Так говорили. И еще что он был уроженцем Фризских островов, напоминающих брошенную возле нидерландского побережья нитку жемчуга. В этом пункте сестры могли ослышаться или чего-то недопонять. Но несомненно одно: девочка, которую принес в монастырь солдат, выросла в ту самую женщину, чье изображение было на бабушкиной фарфоровой чашке.
Утром молодой человек опять взял на руки дочь и стал носить ее по двору. Он что-то говорил ей, и она как будто понимала, потому что в ответ смеялась и казалась веселей, чем вчера. Наконец солдат опустился на скамью под варингиновым деревом, посадил девочку на колени и огляделся. У больничных ворот, как всегда, сидели и полулежали туземцы. От корпуса к корпусу сновали сестры в струящихся белых одеяниях. Время от времени с улицы заходили торговцы с огромными корзинами на пружинящих бамбуковых шестах. Они приносили рамбутан и папайю, инжир, яйца и овощи. И кухарка, присев на корточки, долго перебирала зелень и тыкала пальцами плоды, прежде чем назвать свою цену.
Джонгос-садовник подрезал широким ножом растения, которых не должно быть в саду. Время от времени он поворачивал улыбающееся лицо в сторону «оранг бланда»[39], что сидел на скамейке.

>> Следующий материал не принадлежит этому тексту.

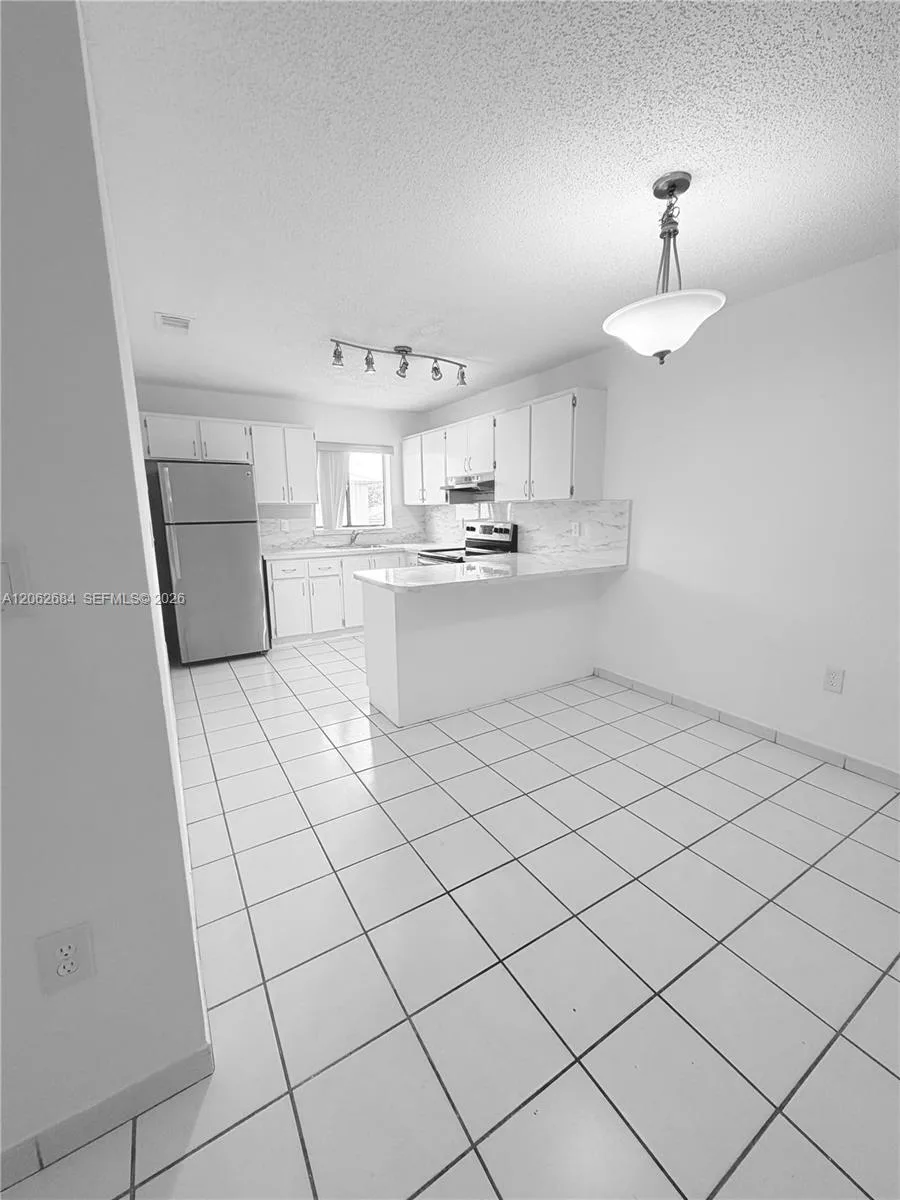 6278 W 22nd Ct # 20, Hialeah, FL 33016 photo 5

За воротами скрипели телеги и раздавались пронзительные голоса. Пахло листвой, дымом и речным илом, потому что время года стояло засушливое. Ребенок прислонился головой к голой груди солдата. Так они и сидели – молодой человек из города Аккрум и девочка.
Вскоре она сощурила глаза, словно улыбнувшись солнцу, и крепко уснула.
Ей снилось, как они с отцом пробирались сквозь лес, такой дремучий, что солнечный свет почти не доходил до земли. Одной рукой отец держал ее, а в другой сжимал широкий нож, которым срезал лианы и воздушные корни, скрывавшие от глаз и без того едва видимую тропу. Его кожа была горячей и влажной. Иногда отец напевал бесконечную песню без слов, мелодия которой то монотонно шла вверх, то опускалась. Недавно он похоронил любимую женщину и теперь казался потерянным.
Время от времени он замолкал. В глазах девочки мелькали цветные пятна – темно-коричневые пустоты в провалах между корней, поверх которых плавали светло-зеленые блики пронизанных солнцем листьев. Во сне она чувствовала влажное тепло отцовского тела.
Лучи ложились белыми, голубыми, изумрудными полосами, напоминавшими отраженные в воде огни уличных фонарей. Они струились вверх, придавая полянам сходство с высокими залами, в глубине которых воздух мерцал фиолетовым.
А мужчина все шел и шел, прижимая к себе ребенка.
В изумрудных зарослях алели цветы, чернели, отливая синим, какие-то плоды. Зеленый свет просачивался всюду, в воздухе плыли зеленые волны, пронизывая тело девочки, заполняя ее глаза и уши, так что она уже не отделяла себя от зелени. И с каждым шагом они все дальше углублялись в джунгли.
Пока девочка спала, мужчина осторожно поднялся со скамьи под варигиновым деревом и передал ребенка чужой женщине – белой или туземке, я не знаю. А сам взял свою плетеную сумку и ружье с голландской короной, заткнул нож за обернутую вокруг пояса полоску ткани и вышел за арочные ворота.
Было раннее утро. Солдат посмотрел по сторонам, направо и налево, прежде чем продолжить путь. Он ни разу не оглянулся назад и вскоре исчез в уличной толпе, среди запряженных волами повозок, рикш с тележками и тачек, которые тащили перед собой кули.
Он не прислал урсулинкам ни единого флорина и так и не вернулся за своей дочерью.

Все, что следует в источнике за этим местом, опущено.